Dünya Kadınlar Günü: Adaletsizlik sürüyor
Avrupa basını, Dünya Kadınlar Günü vesilesiyle ücret farklılıklarından, kimi ülkelerde hâlâ var olan zorla evlendirmelere kadar kadın ve erkek arasındaki adaletsizlikleri yansıtıyor. Ancak aynı zamanda, küresel barışı koruma dengelerinin kurulmasında, daha sürdürülebilir ve daha adil ekonomik faaliyet biçimlerinin geliştirilmesinde kadınların oynadığı rolü de irdeliyor.
Ukrayna'nın kadınları için
8 Mart'ı Ukrayna'daki kadınlara atfetmeye karar verdik, diyor La Stampa:
“Bugünü kaçanlara ve kalanlara atfediyoruz. Çünkü ezelden beri kadınlar, erkeklerin hatalarının, yanılgılarının ve küçümsemelerinin yol açtığı bütün savaşlarda savaştı ve savaşmaya da devam ediyorlar: Tek başlarına yapamayanları koruyorlar, gerekirse silaha sarılmayı öğreniyorlar ve dünyanın tüm korkunçluklarına katlanıyorlar. Geçen yüzyılın küresel dengesinden kadınlar sorumlu olsaydı durum daha farklı olur muydu? İşte bunu bilemeyiz.”
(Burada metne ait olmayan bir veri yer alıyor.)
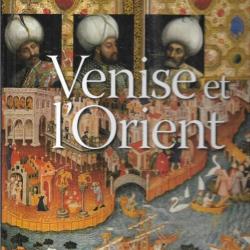 venise et l'orient 828-1797 , islam chrétienté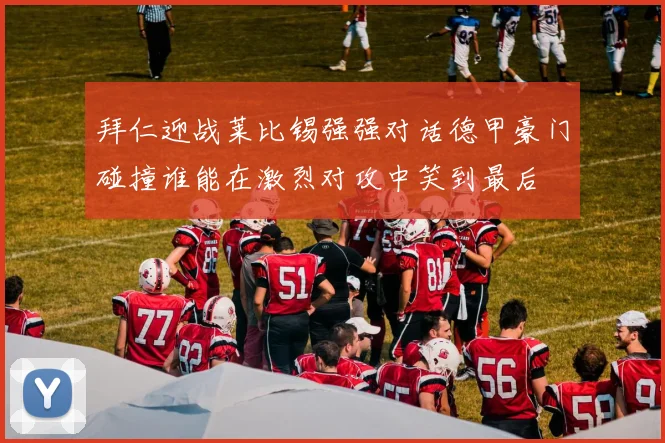 拜仁迎战莱比锡强强对话德甲豪门碰撞谁能在激烈对攻中笑到最后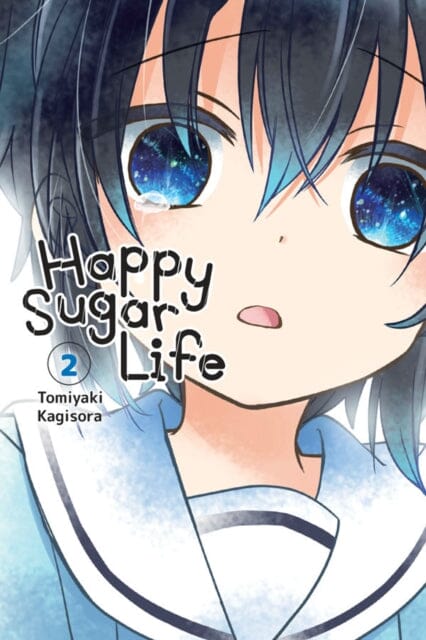 Happy Sugar Life, Vol. 2 by Tomiyaki Kagisora Extended Range Little, Brown & Company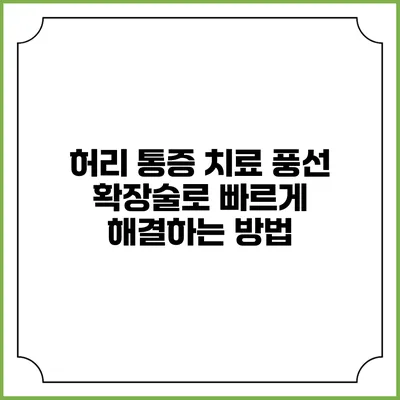 허리 통증 치료: 풍선 확장술로 빠르게 해결하는 방법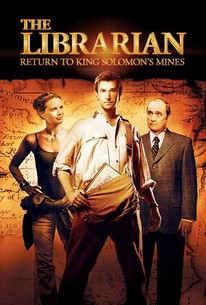 The Librarian: Return to King Solomon's Mines | Rotten Tomatoes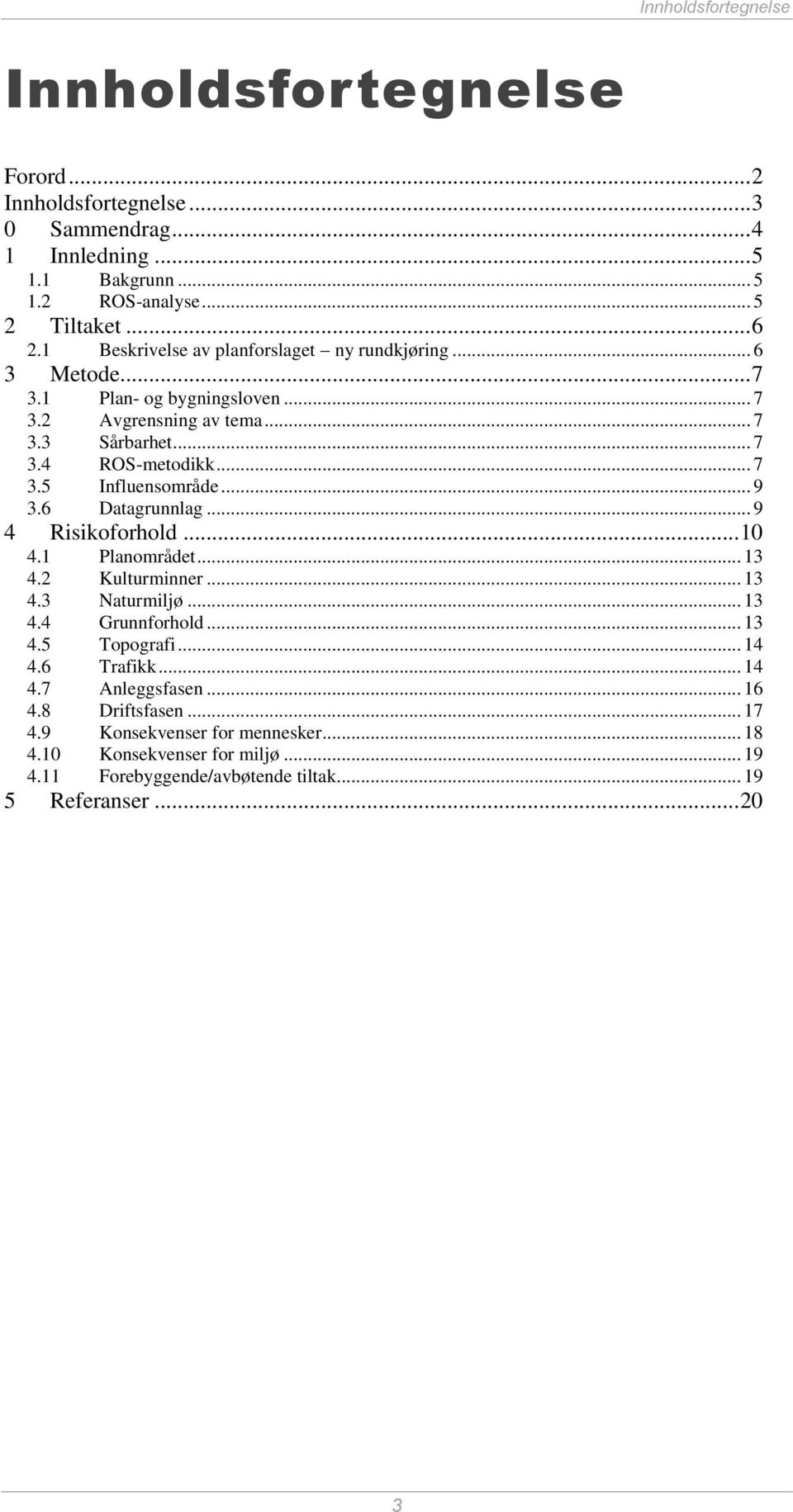 .. 9 3.6 Datagrunnlag... 9 4 Risikoforhold... 10 4.1 Planområdet... 13 4.2 Kulturminner... 13 4.3 Naturmiljø... 13 4.4 Grunnforhold... 13 4.5 Topografi... 14 4.6 Trafikk... 14 4.7 Anleggsfasen.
Eşitlik daha fazla sürdürülebilirlik getirir
Kadınların yönetim kurullarına eşit haklarla katılması herkesin faydasına, diyor Kleine Zeitung:
“Kadınların uluslararası ticarete katılımı bir ulusun direncini ve yenilik gücünü artırıyor. ... Kadınlar iş dünyasında yöneticilik görevleri üstlendiğinde daha yüksek kârlar elde ediliyor, riskler düşüyor ve çevreye daha az zarar veriliyor. En iyi ekonomik sonuçlar, erkekler ve kadınlar eşit haklara sahip olarak birlikte çalıştığında geliyor. Ev işlerini ve çalışma yaşamını paylaşan çiftler, çocuklarıyla daha yakın bir bağ kuruyor ve üretkenliklerini artırıyor. Küresel bir perspektiften bakıldığında, sürekli büyüme yerine herkes için daha sürdürülebilir ve daha adil ekonomik faaliyetler ve yaşam biçimleri geliştirmek asıl mesele olmalıdır.”
Açgözlü ve güçlerinin farkında olabilirler
Kadın ve erkeklere ödenen ücret adaletsizliğine dair yıllardır süregelen şikayetlere ek olarak, kadına güya neyin yakışıp yakışmadığına hakkındaki laflara da nihayet son verilmesini istiyor Süddeutsche Zeitung:
“Kadınların da açgözlü, güçlerinin farkında, vahşi ve acımasız olabileceği fikri nihayet zihinlere yerleşmeli. Bu herkes için geçerli: Kimin terfi edeceğine karar verenler için de, mesleki hırslarının çapı üzerine kafa yoran kadınlar için de. Saldırgan bir şekilde daha fazla ücret talep etmenin ayıp ve kadına yakışmaz bir tavır olmadığı 2022 yılında artık doğal kabul edilmeli. Bunu farklı şekillerde de olsa içselleştirdiğinizin farkına varmak, bu tür kalıpların üstesinden gelmenin ilk adımıdır.”
Özgürlüğün tadını aldılar
Ünlü "Güzin Abla" köşesi Hürriyet okurlarına uzun yıllardır hayata dair konularda tavsiyelerde bulunuyor. Köşenin yazarı, çoğu kadının benzer endişelere sahip olduğunu söylüyor:
“Bana başvuran kadınların, çoğunlukla henüz tam anlamıyla özgürlüklerini yakalayamamış kadınlar olduklarını düşünüyorum. Yine de her şeye rağmen, özgürlüğün tadını almış, artık başkaldırmayı düşünebilen kadınlar. Artık babalarına ya da kocalarına boyun eğmek istemiyorlar. Şunu üzülerek söylemeliyim ki, birçok ailenin çocukları hâlâ büyüklerin zoruyla, hatta yakın akrabalarla evlendiriliyor, flört etmekten korkuyor. ... Burada aile korkusu baskın. Bu kadınlar var olduğu sürece 'kadın hakları'ndan söz edebilir miyiz?”